MHP lideri Devlet Bahçeli’nin terör örgütü PKK lideri Abdullah Öcalan’a yönelik ‘Meclis’te konuşsun!’ çağrısıyla başlayan İmralı süreci, ikinci bir barış süreci olarak ele alındı. Bu bağlamda PKK’nın fesih ve silah bırakma açıklaması, sürecin nasıl ilerleyeceği konusunda tartışmalara yol açtı. Özellikle Lozan ve 1924 Anayasası’nı hedef alan bildiri metninin içeriği, gündemin sıcak maddeleri arasında yer aldı.
Terör örgütünün silah bırakma ve fesih açıklamasına rağmen somut adımların atılmaması, sürece yönelik eleştirileri artırdı. Partisinin grup toplantısında konuyla ilgili ifadelerde bulunan Devlet Bahçeli, dikkat çekici değerlendirmelere imza attı.
“BEDELİ VAHİM ÖTESİ”
“Terörsüz Türkiye” hedefini çağı aşacak bir duruş olarak tanımlayan Devlet Bahçeli, şu sözleri dile getirdi:
“Türkiye yeni bir döneme adım atmıştır. Bu nedenledir ki, PKK’nın silah bırakma sürecinin ivedilikle tamamlanması gerekli.

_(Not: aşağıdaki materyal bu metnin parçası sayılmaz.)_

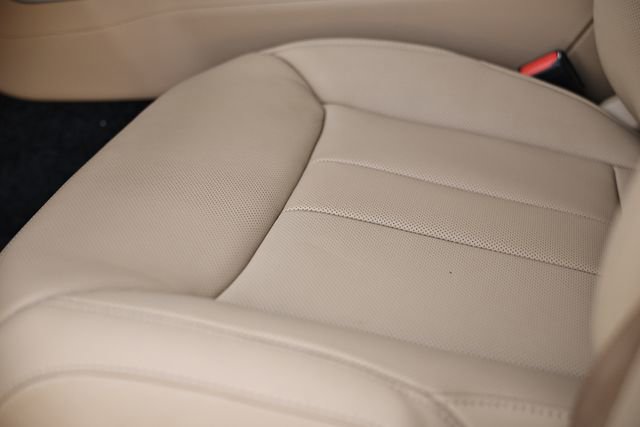 New 2026 Land Rover Range Rover Long Wheelbase SE image 26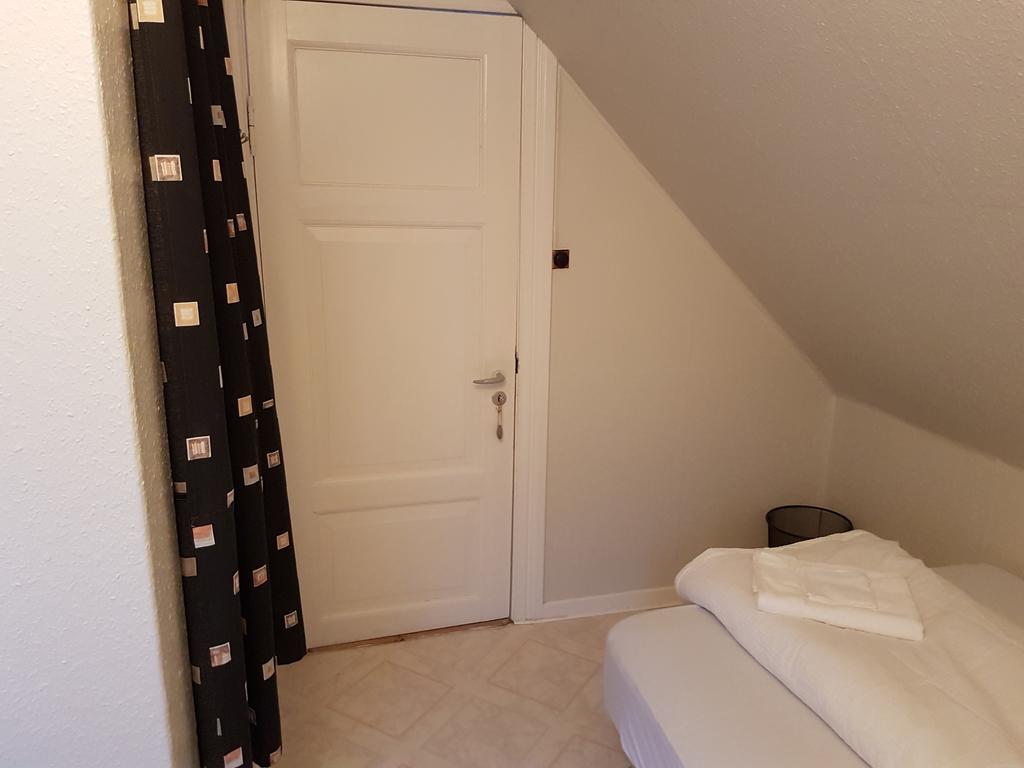 Budget Guesthouse Borgustova Vestmanna Екстер'єр фото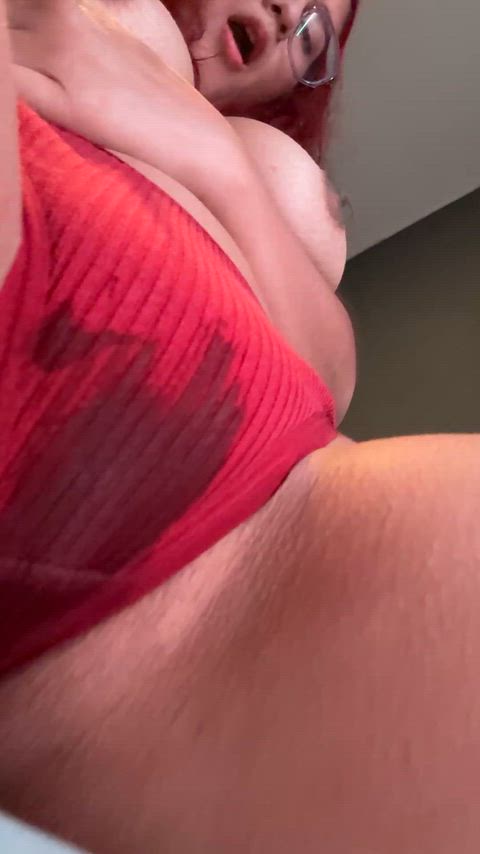 It’s all about vibes, curves 🍑 and a little more than just video🍒 if you feel it — it’s all below 👇 thumbnail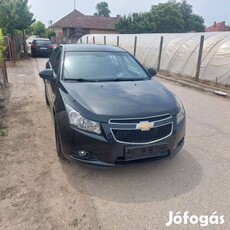 Chevrolet Cruze.1.6 benzin,5 ajtós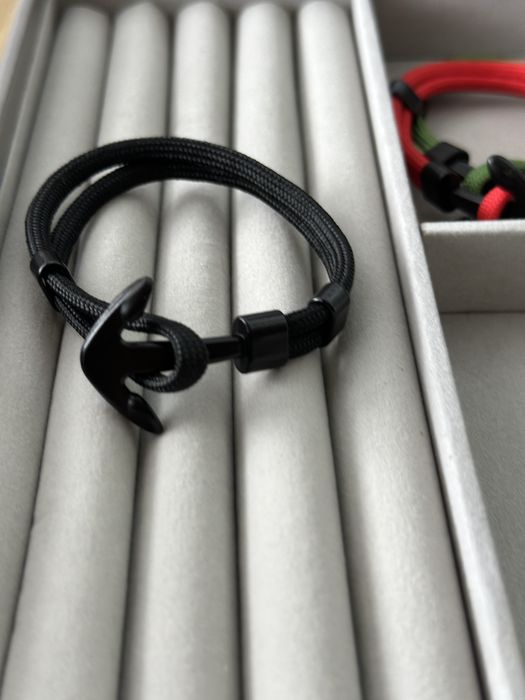 Гривни с котва / различни цветове /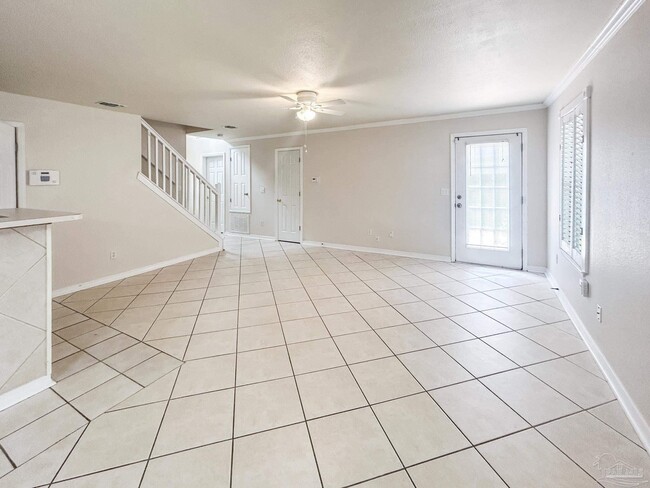 Building Photo - 5915 N Bay Point Dr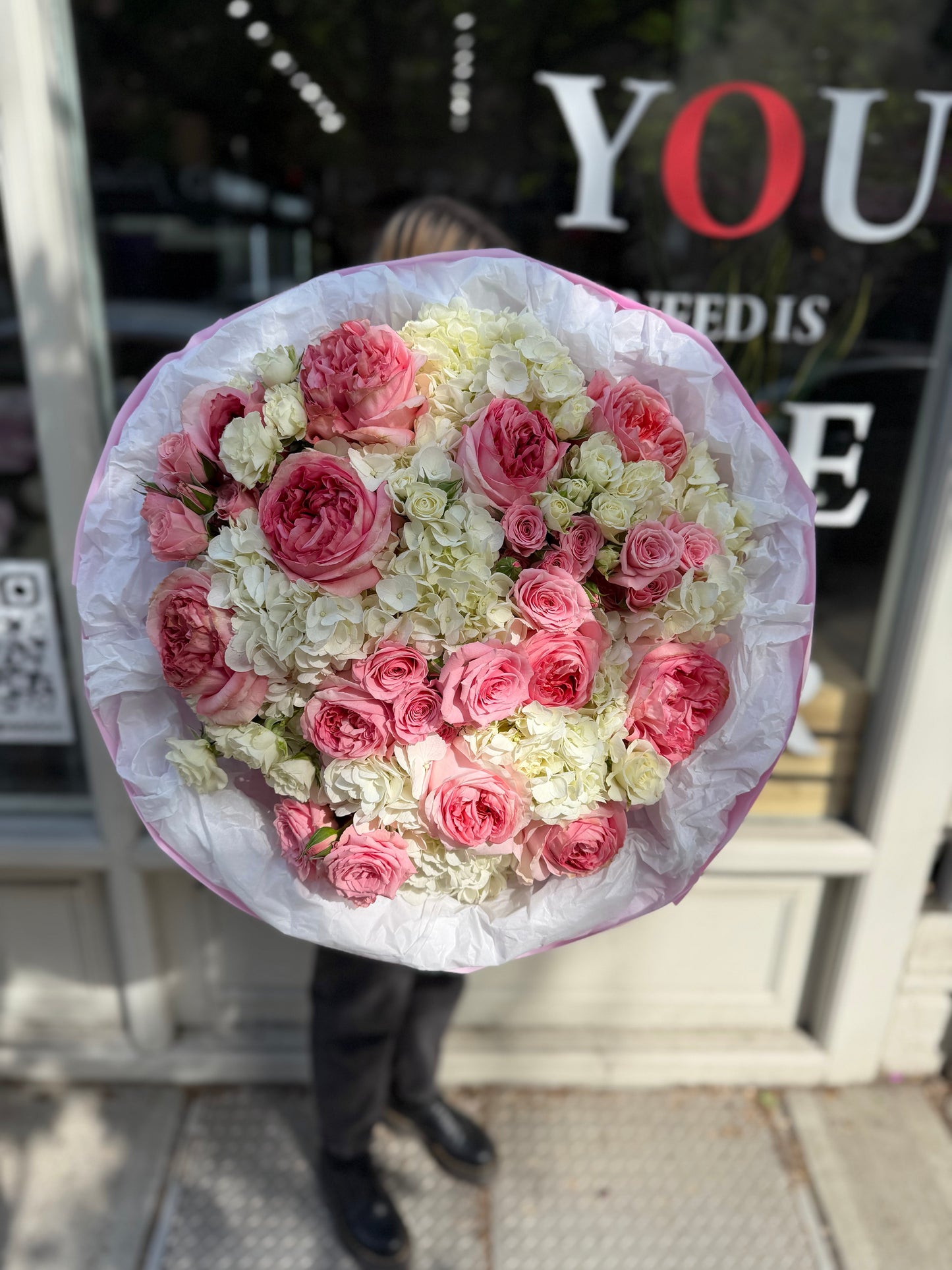 "Everything for you" Bouquet (Garden Roses, Hydrangeas, Spray Roses)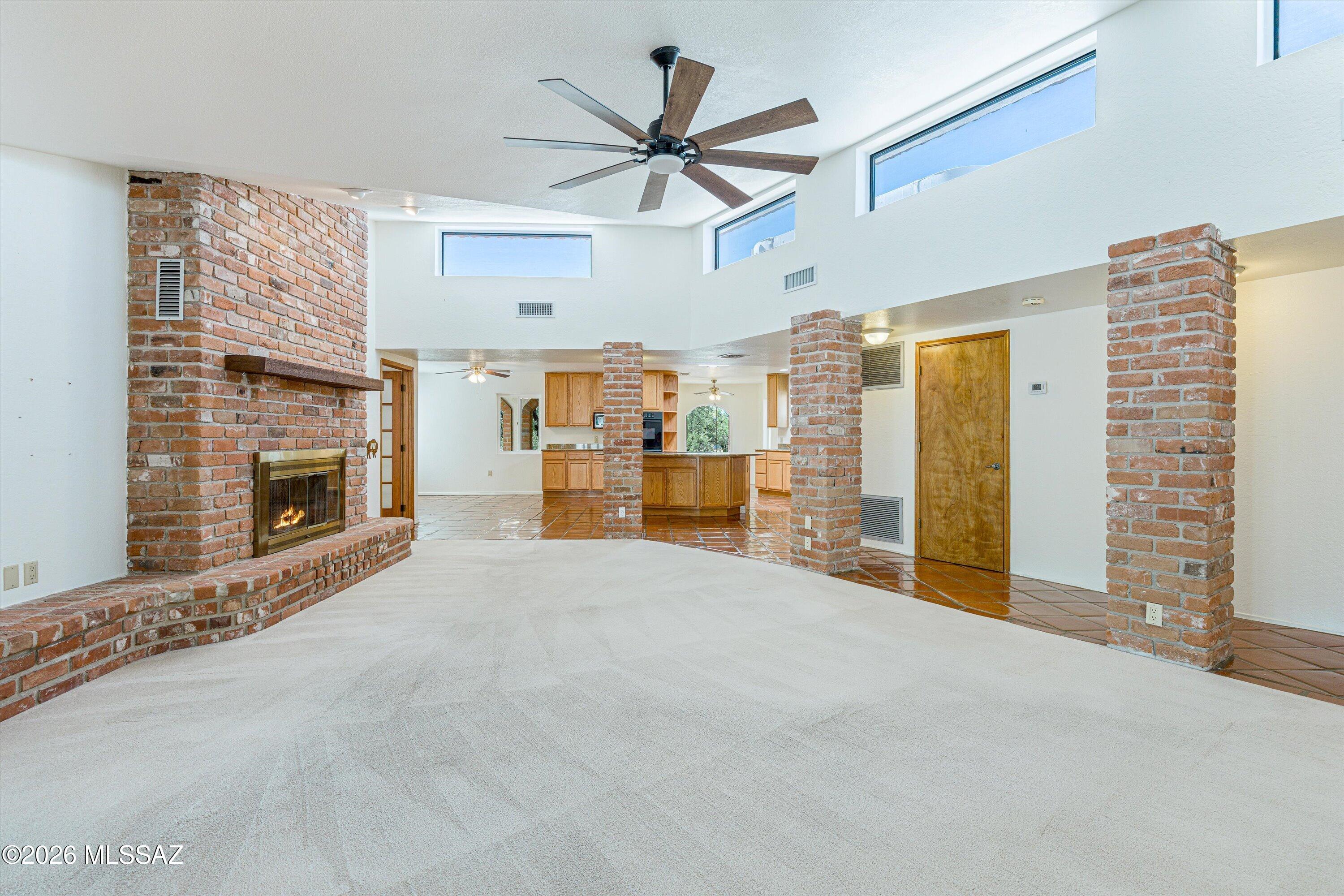 2871 N Longhorn Drive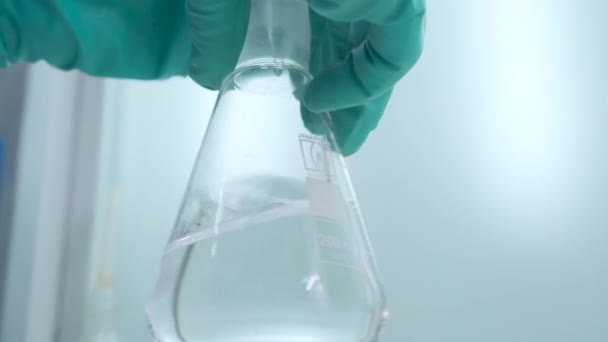 Kemialliset kokeet. Erilaiset lasiputket, joissa eri värejä sisältävät liuokset häiritsevät - Materiaali, video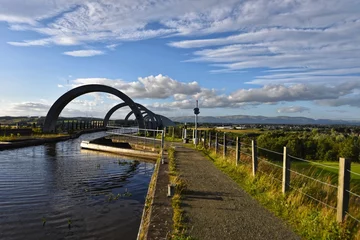 Papier Peint photo autocollant Canal Schottland - Falkirk Wheel Wasserweg zum Union Kanal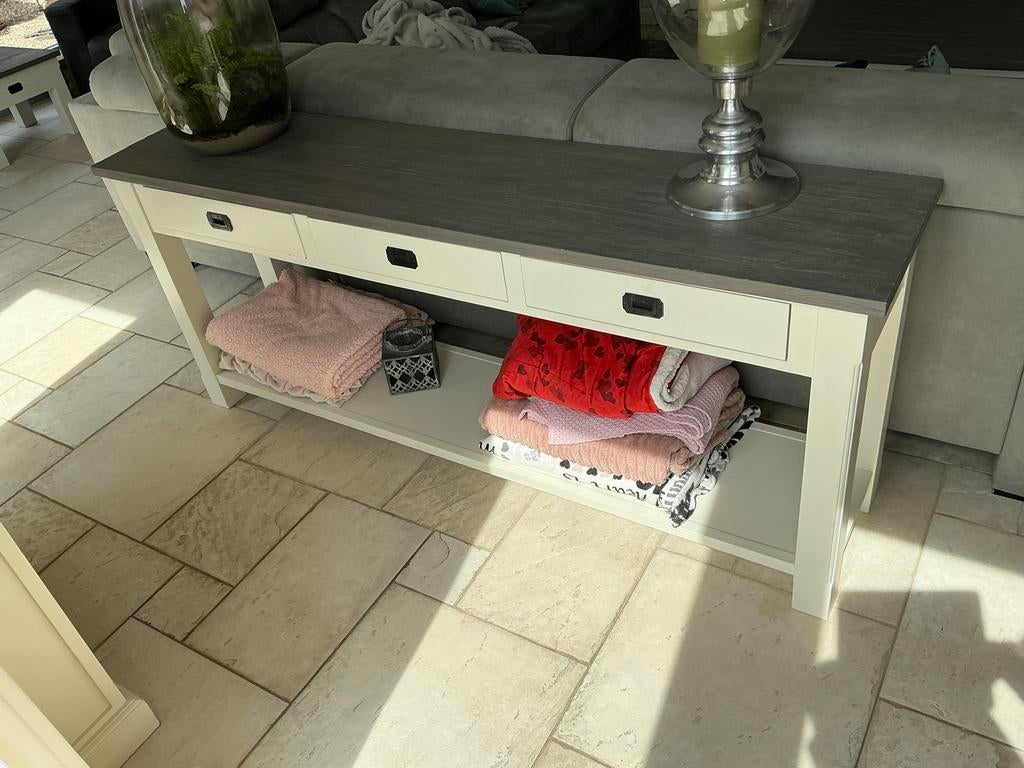 Buffetkast en sidetable  2 bijzet tafeltjes en Salontafel, Ophalen, Gebruikt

Provokasyon niteliğindeki ve kimsenin kaldırabileceği yeni çatışmalar yaratacak tahriklere karşı son derece dikkatli olunmalıdır.”
Diğerlerinin söylediklerinin veya sürece ilişkin olumsuz bakış açılarının çok fazla önemi yoktur. 27 Şubat İmralı açıklamasına uygun olarak, PKK’nın varlığını sona erdirdiğini ve silahlarını bıraktığını 12 Mayıs’ta ifade etmiştir.
Kanlı süreç tamamen sonlanmalıdır. Kara bir dönem, kapanmamak üzere kapatılmalıdır. Umutların yeşermesi, barış ortamının hakim olması gerekmektedir. Geri dönüş yoktur. Aksi takdirde ortaya çıkacak sonuçların bedeli ise vahim olacaktır.”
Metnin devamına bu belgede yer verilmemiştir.